Miner (1992: 51) mengatakan bahwa salah satu faktor yang
mempengaruhi cara seseorang dalam mengambil keputusan adalah
kreativitas. Keputusan-keputusan yang kreatif akan membantu dalam
memberikan kontribusi bagi perbaikan produktivitas organisasi dan
berperan dalam penelitian produk baru. Berdasarkan pandangan ini,
kreativitas didefinisikan sebagai pencapaian prestasi yang diakui secara
sosial dalam hal produk-produk baru seperti penemuan-penemuan teori,
publikasi, keperluan medis, dan lain sebagainya. Keputusan kreatif ini asli,
berbeda dengan orang lain tetapi bukan keputusan yang eksentrik dan
mampu memberikan kontribusi sosial.
Sebuah keputusan yang kreatif juga memerlukan inteligensi, dan untuk
menjadi kreatif seseorang harus belajar dan mengembangkan
pengetahuan yang didasarkan pada bidang tertentu. Inteligensi ini
merujuk pada kemampuan analisis logis dan pemecahan masalah yang
dapat membantu menghasilkan keputusan yang berkualitas (Kolb dkk,
1984: 58). Meskipun demikian, tingkat inteligensi yang tinggi dan
pengetahuan yang cukup kadang-kadang belum menjamin tercapainya
prestasi yang kreatif karena masih ada faktor lain yang mungkin
berpengaruh pada terbentuknya keputusan kreatif.
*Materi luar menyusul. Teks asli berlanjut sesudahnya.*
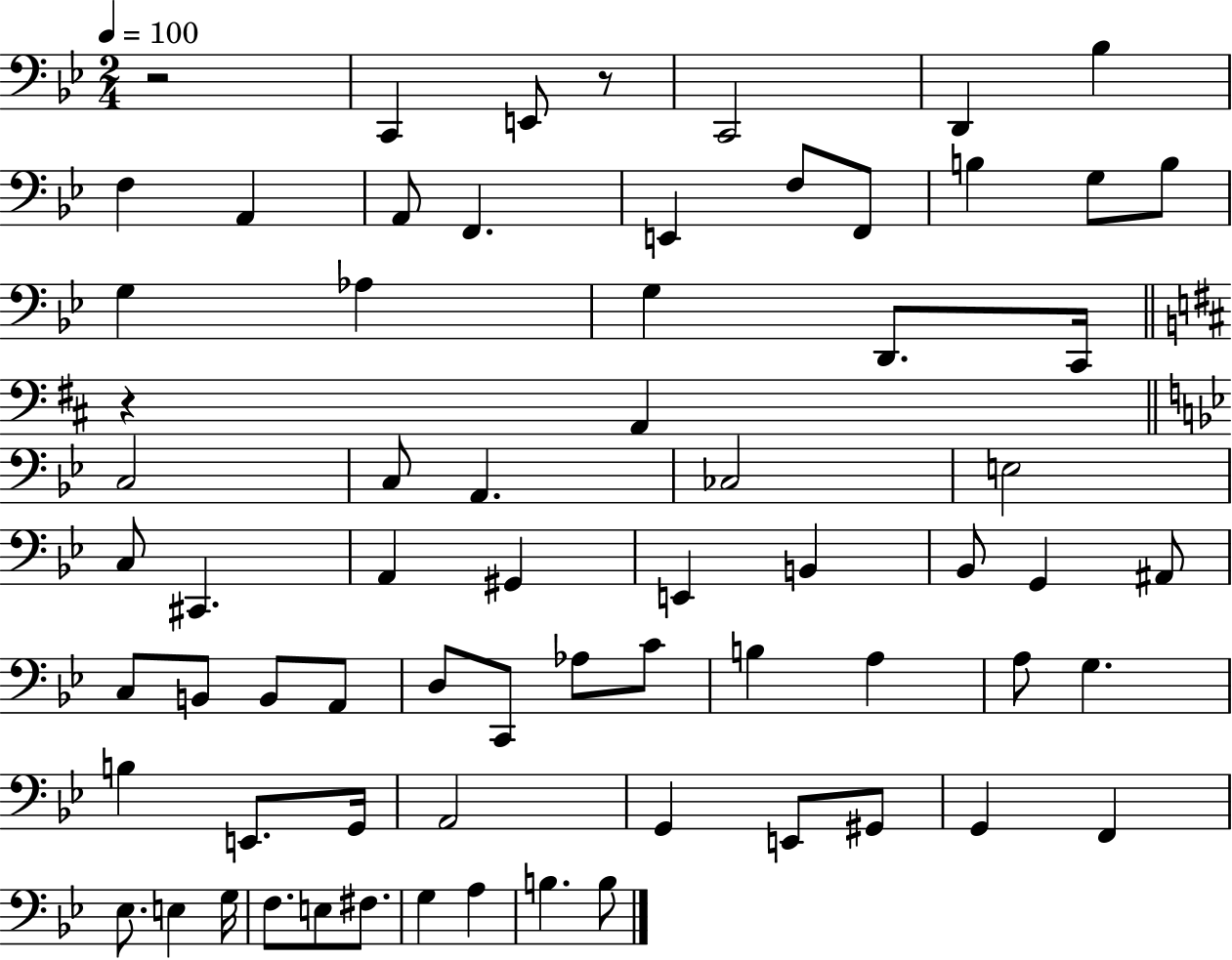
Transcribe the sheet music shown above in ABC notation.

X:1
T:Untitled
M:2/4
L:1/4
K:Bb
z2 C,, E,,/2 z/2 C,,2 D,, _B, F, A,, A,,/2 F,, E,, F,/2 F,,/2 B, G,/2 B,/2 G, _A, G, D,,/2 C,,/4 z A,, C,2 C,/2 A,, _C,2 E,2 C,/2 ^C,, A,, ^G,, E,, B,, _B,,/2 G,, ^A,,/2 C,/2 B,,/2 B,,/2 A,,/2 D,/2 C,,/2 _A,/2 C/2 B, A, A,/2 G, B, E,,/2 G,,/4 A,,2 G,, E,,/2 ^G,,/2 G,, F,, _E,/2 E, G,/4 F,/2 E,/2 ^F,/2 G, A, B, B,/2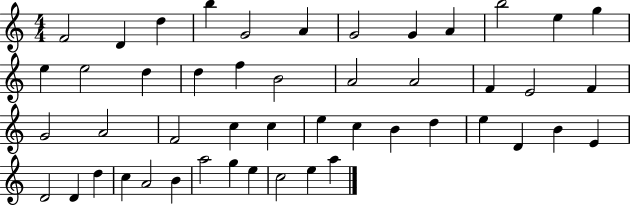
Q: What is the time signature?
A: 4/4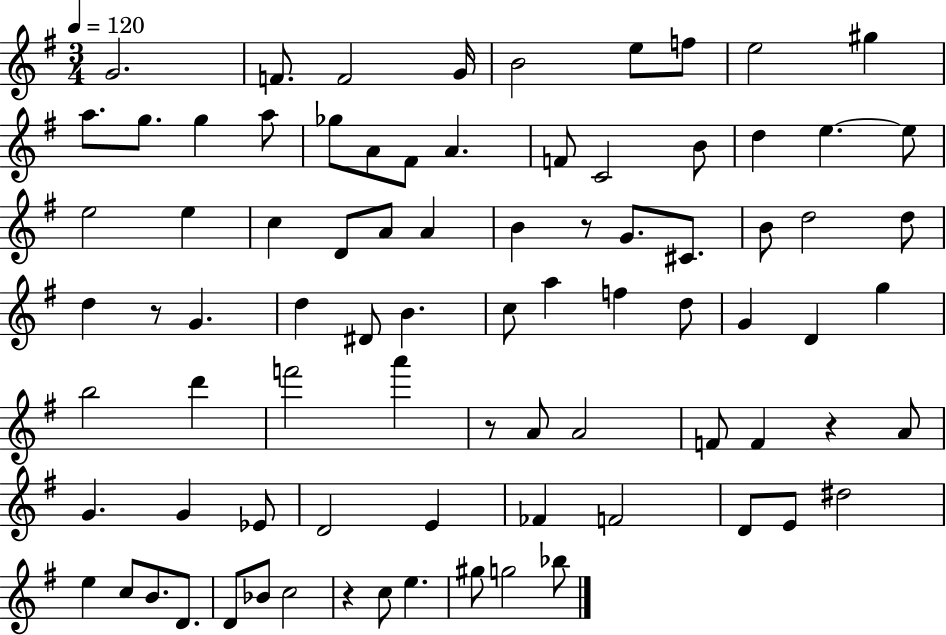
{
  \clef treble
  \numericTimeSignature
  \time 3/4
  \key g \major
  \tempo 4 = 120
  \repeat volta 2 { g'2. | f'8. f'2 g'16 | b'2 e''8 f''8 | e''2 gis''4 | \break a''8. g''8. g''4 a''8 | ges''8 a'8 fis'8 a'4. | f'8 c'2 b'8 | d''4 e''4.~~ e''8 | \break e''2 e''4 | c''4 d'8 a'8 a'4 | b'4 r8 g'8. cis'8. | b'8 d''2 d''8 | \break d''4 r8 g'4. | d''4 dis'8 b'4. | c''8 a''4 f''4 d''8 | g'4 d'4 g''4 | \break b''2 d'''4 | f'''2 a'''4 | r8 a'8 a'2 | f'8 f'4 r4 a'8 | \break g'4. g'4 ees'8 | d'2 e'4 | fes'4 f'2 | d'8 e'8 dis''2 | \break e''4 c''8 b'8. d'8. | d'8 bes'8 c''2 | r4 c''8 e''4. | gis''8 g''2 bes''8 | \break } \bar "|."
}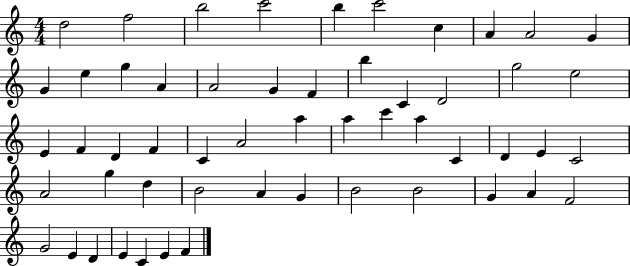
X:1
T:Untitled
M:4/4
L:1/4
K:C
d2 f2 b2 c'2 b c'2 c A A2 G G e g A A2 G F b C D2 g2 e2 E F D F C A2 a a c' a C D E C2 A2 g d B2 A G B2 B2 G A F2 G2 E D E C E F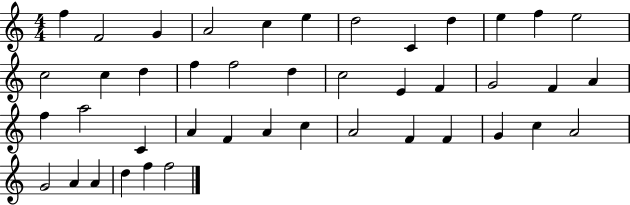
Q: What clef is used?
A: treble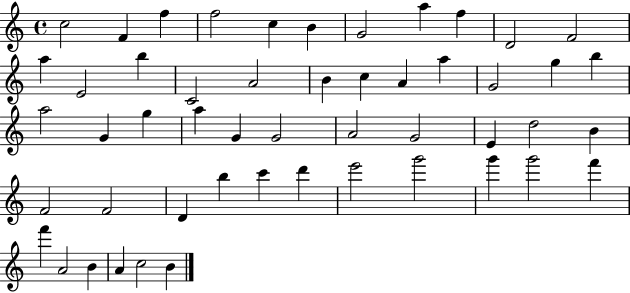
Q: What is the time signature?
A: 4/4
Mondi dkk (1990: 47) mengemukakan faktor dari dalam diri individu yang
dapat mempengaruhi seorang manajer atau pimpinan dalam mengambil
keputusan, yaitu kemampuan personal sebagai pengambil keputusan.
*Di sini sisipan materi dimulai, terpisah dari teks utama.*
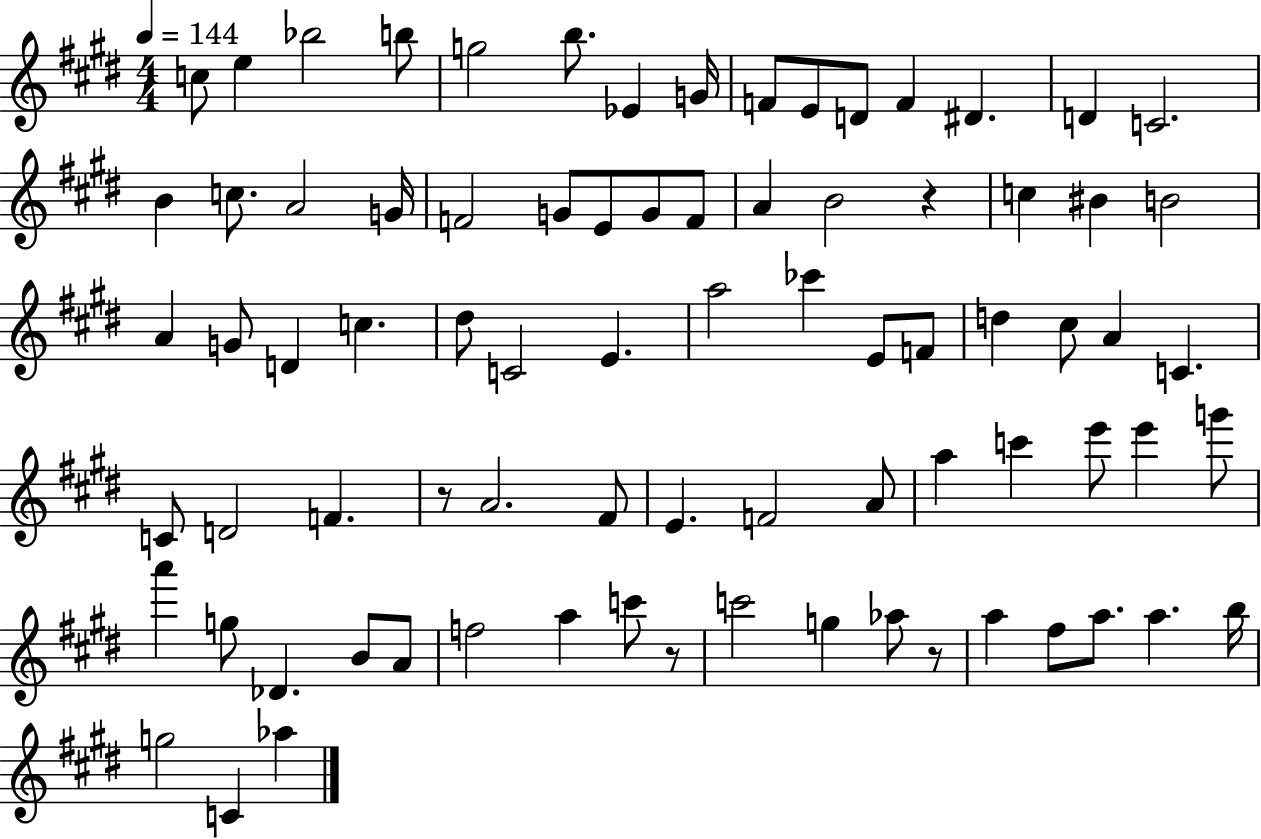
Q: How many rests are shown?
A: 4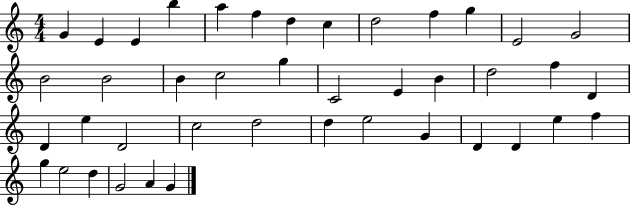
X:1
T:Untitled
M:4/4
L:1/4
K:C
G E E b a f d c d2 f g E2 G2 B2 B2 B c2 g C2 E B d2 f D D e D2 c2 d2 d e2 G D D e f g e2 d G2 A G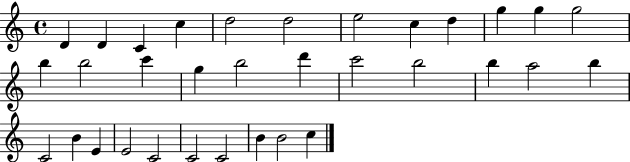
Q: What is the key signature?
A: C major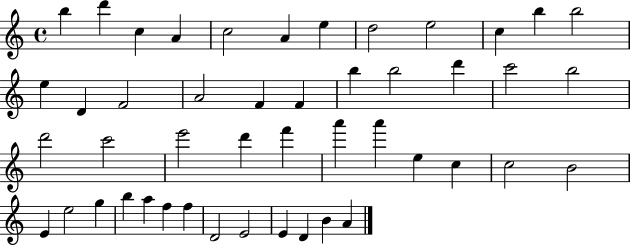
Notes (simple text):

B5/q D6/q C5/q A4/q C5/h A4/q E5/q D5/h E5/h C5/q B5/q B5/h E5/q D4/q F4/h A4/h F4/q F4/q B5/q B5/h D6/q C6/h B5/h D6/h C6/h E6/h D6/q F6/q A6/q A6/q E5/q C5/q C5/h B4/h E4/q E5/h G5/q B5/q A5/q F5/q F5/q D4/h E4/h E4/q D4/q B4/q A4/q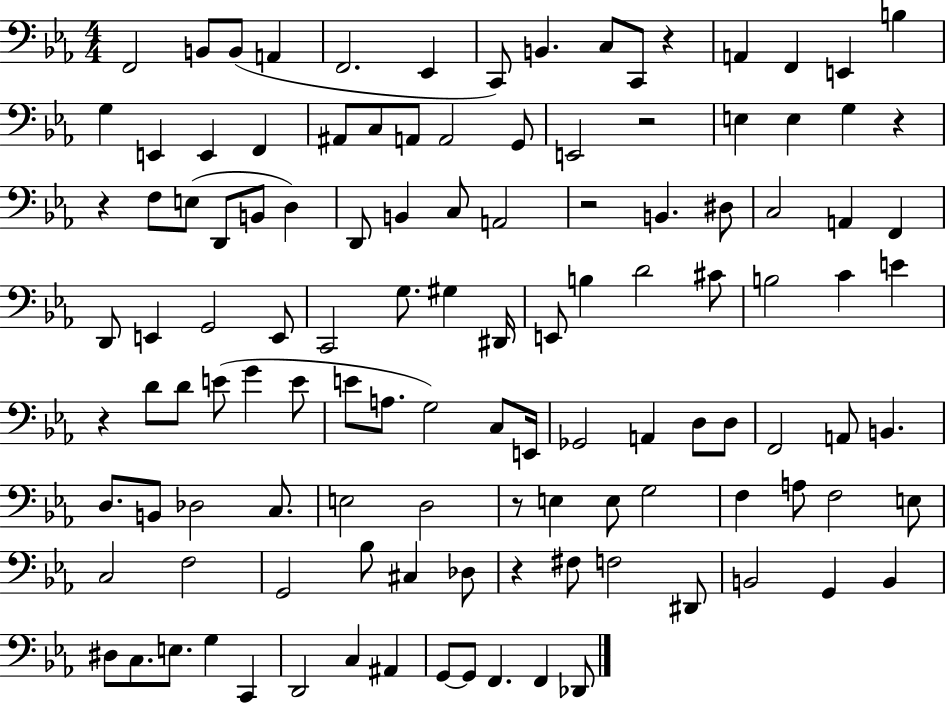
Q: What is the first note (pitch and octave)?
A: F2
Kemampuan dan sikap manajer sebagai pengambil keputusan dianggap
sebagai faktor terpenting untuk dapat mengambil keputusan yang tepat.
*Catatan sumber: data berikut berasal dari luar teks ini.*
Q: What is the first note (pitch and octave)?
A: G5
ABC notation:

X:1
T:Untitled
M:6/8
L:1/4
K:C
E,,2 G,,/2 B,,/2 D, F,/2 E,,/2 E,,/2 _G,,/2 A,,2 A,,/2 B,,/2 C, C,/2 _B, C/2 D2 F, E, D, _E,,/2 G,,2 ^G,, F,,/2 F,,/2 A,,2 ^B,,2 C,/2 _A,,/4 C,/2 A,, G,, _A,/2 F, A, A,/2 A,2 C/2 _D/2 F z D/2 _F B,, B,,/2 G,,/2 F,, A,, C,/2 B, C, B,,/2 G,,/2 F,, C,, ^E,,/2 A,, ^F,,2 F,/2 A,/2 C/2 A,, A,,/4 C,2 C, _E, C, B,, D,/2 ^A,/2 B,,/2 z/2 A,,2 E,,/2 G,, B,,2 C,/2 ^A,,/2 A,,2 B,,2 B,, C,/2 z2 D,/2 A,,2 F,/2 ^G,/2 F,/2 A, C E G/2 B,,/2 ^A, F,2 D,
Seberapapun besarnya kemampuan seorang manajer dalam membuat
keputusan dan bertanggung jawab, ia memerlukan kemampuan agar
menghasilkan keputusan yang tepat. Kemampuan ini banyak dipengaruhi
oleh pengalaman, tingkat pemahaman dan kualitas manajemen diri
individu. Selain faktor dari dalam diri individu, Mondi dkk (1990: 47) juga
mengemukakan beberapa faktor dari luar diri individu yang dapat
mempengaruhi seorang manajer atau pimpinan dalam mengambil
keputusan,
yaitu:
a) Jenis Keputusan Rutin dan Tidak Rutin
Keputusan rutin yang dibuat diatur berdasarkan kebijakan, prosedur, dan
aturan organisasi juga berdasarkan pilihan manajer. Keputusan ini tidak
serumit keputusan non-rutin, sehingga manajer dapat lebih leluasa dalam
melakukan tugasnya, misalnya memilih orang yang akan bertugas pada
unit kerja tertentu. Keputusan non-rutin membutuhkan kecermatan yang
lebih tinggi dan lebih menentukan berhasil tidaknya suatu pekerjaan

seorang manajer, misalnya dalam melakukan ekspansi pasar,


membangun lahan produksi baru dan sebagainya. Keputusan non-rutin
lebih banyak dibebankan pada manajer tingkat menengah ke atas. Miner
(1992: 51) mengadaptasi pendapat Simon yang mengatakan bahwa
dalam tipe keputusan rutin, teknik yang dapat digunakan mendasarkan
pada kebiasaan, SOP (Standard Operating Procedure), struktur organisasi
atau dengan riset operasi dan proses data elektronik. Tipe keputusan nonrutin dapat diselesaikan dengan menggunakan pertimbangan, intuisi,
kreativitas, seleksi dan pelatihan serta model pemecahan masalah.
b) Waktu yang Tersedia
Waktu dalam membuat sebuah keputusan merupakan faktor yang
penting. Manajer biasanya menggunakan waktu yang sesingkat mungkin
untuk membuat keputusan, bahkan kadang-kadang keputusan harus
diambil di bawah situasi yang sangat kritis dan menekan.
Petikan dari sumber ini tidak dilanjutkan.